Charles Moore, 62, was arrested Friday morning at the offices of his firm, Crucible Capital Group Inc, in downtown Manhattan, U.S. Attorney Preet Bharara said.

Moore, of East Brunswick, New Jersey, was charged with obstructing a regulatory examination, falsifying books and records, and making false statements.

The first two counts each carry a maximum 20-year prison term.
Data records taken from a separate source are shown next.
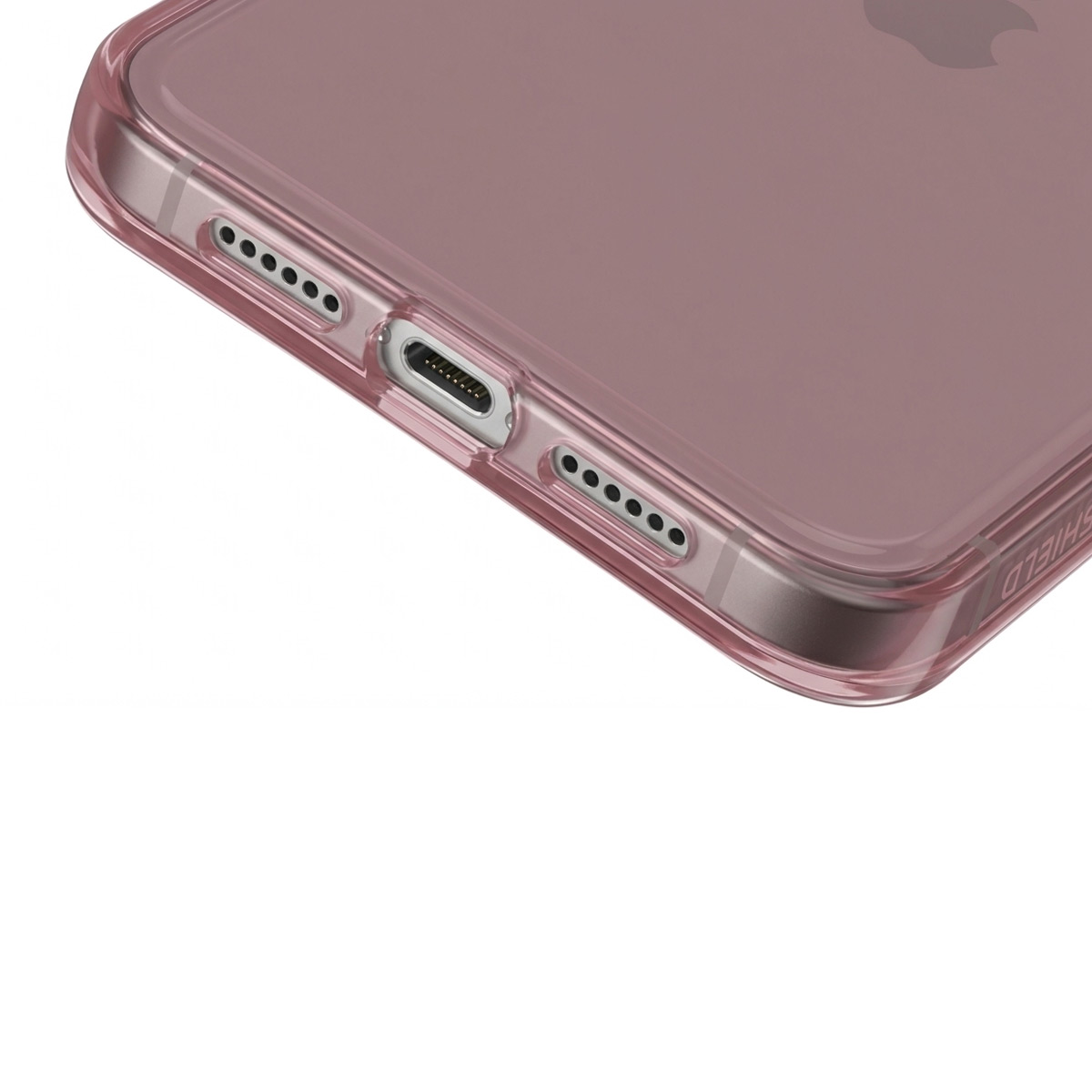 Close-up van de onderkant van een roségouden iPhone-hoesje met de oplaadpoort.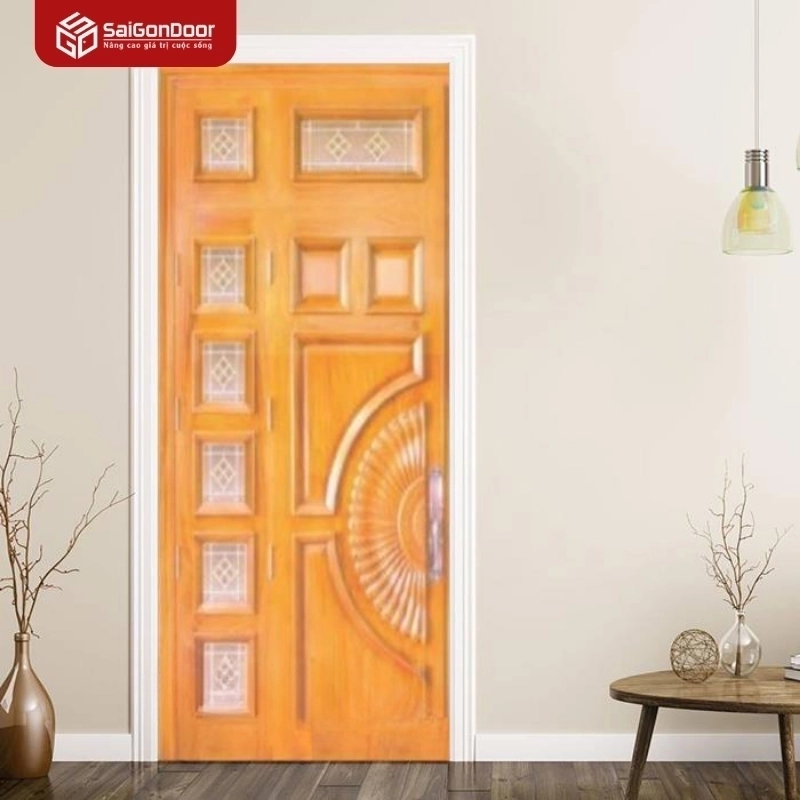 Cửa gỗ tự nhiên kết hợp ô kính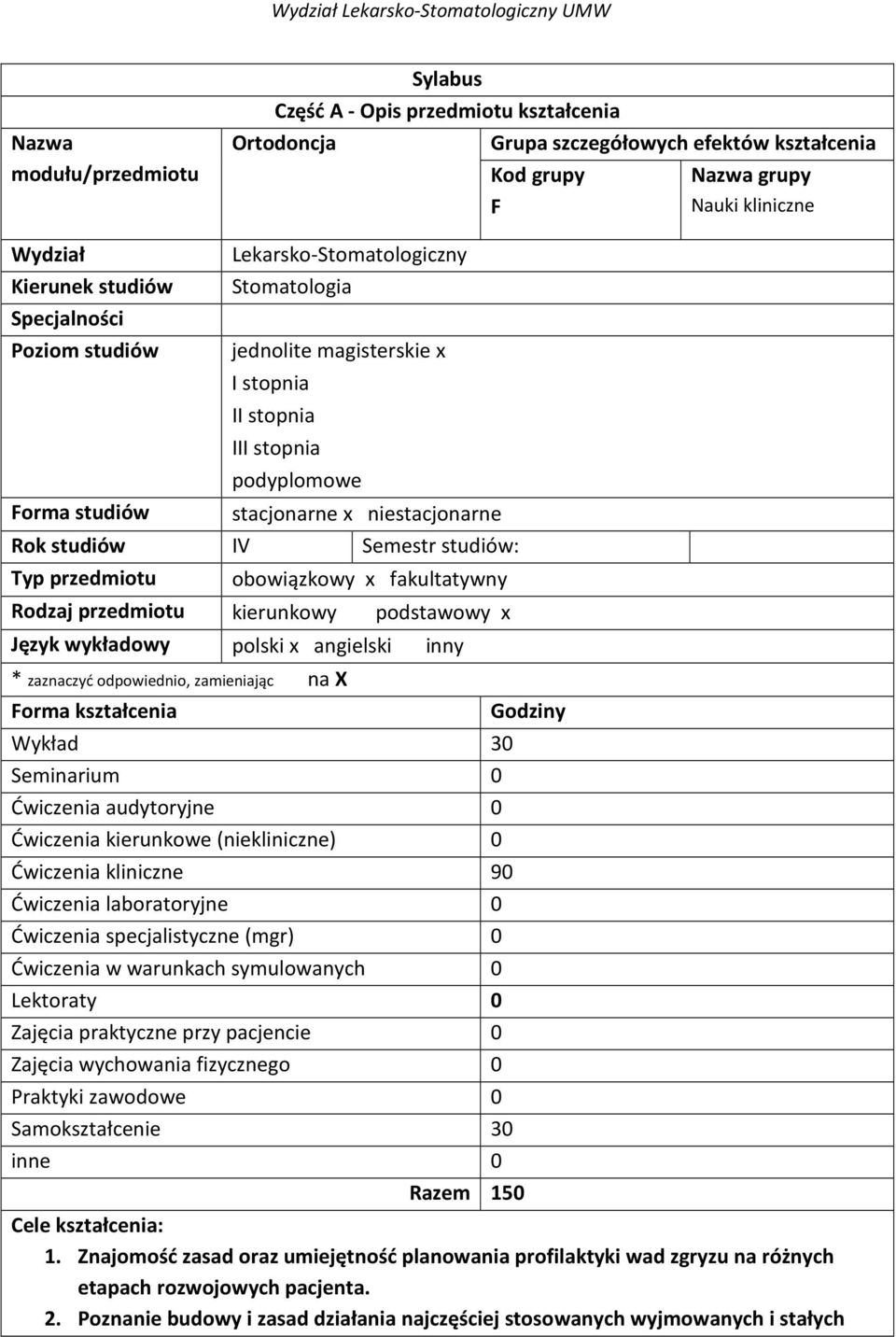 Typ przedmiotu obowiązkowy x fakultatywny Rodzaj przedmiotu kierunkowy podstawowy x Język wykładowy * zaznaczyć odpowiednio, zamieniając na X Forma kształcenia polski x angielski inny Wykład 30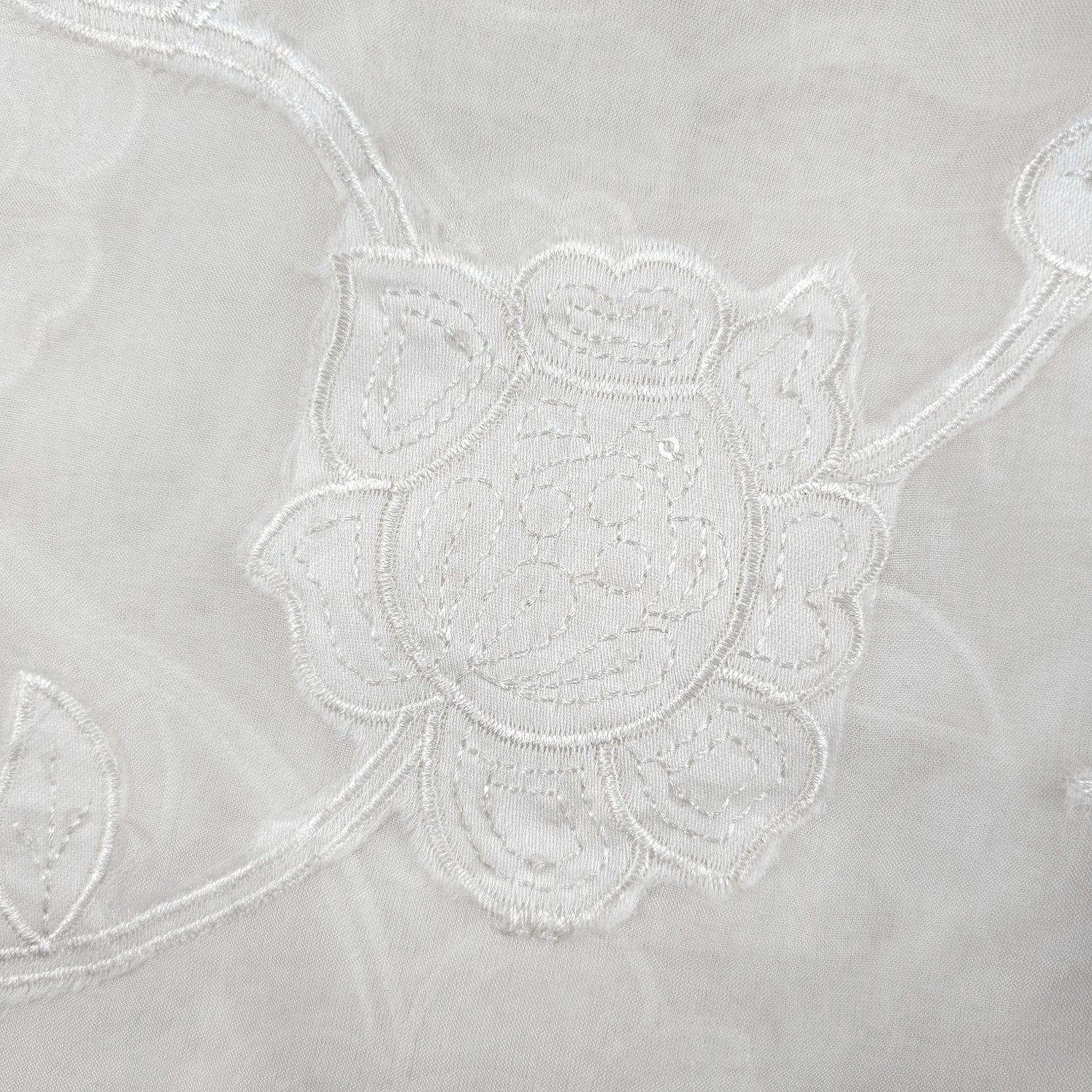 Embroidered Dyeable Organza base Brasso Fabric with Floral Pattern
Parallel civil charges were also filed by the U.S. Securities and Exchange Commission.

"Moore attempted to mislead SEC examiners by giving them documents he intentionally falsified in an effort to hide Crucible's severe capital insufficiencies," SEC enforcement chief Andrew Ceresney said in a statement.

The defendant was arraigned before U.S. Magistrate Judge Sarah Netburn in Manhattan, and has been released on $300,000 bail, his lawyer Thomas Tormey said.

"He asserts that he is totally innocent, and will be vindicated on all charges," Tormey said.

According to prosecutors, Crucible held itself out as an investment banking "boutique" that helped small businesses raise money, and shared offices and expenses with Angelic Holdings LLC, an unregistered affiliate that Moore also ran.

Prosecutors said Moore caused Crucible to file false reports with the SEC from February to September 2013 in which it failed to properly account for debts nominally owed by Angelic, but which were a factor in calculating Crucible's net capital.

The SEC said that, when its examiners sought proof of Angelic's liabilities, Moore arranged to provide doctored invoices that eliminated "significant" past due balances.

Authorities also said Moore tried to hide the truth by having employees conduct some of their work through personal email accounts rather than Crucible's.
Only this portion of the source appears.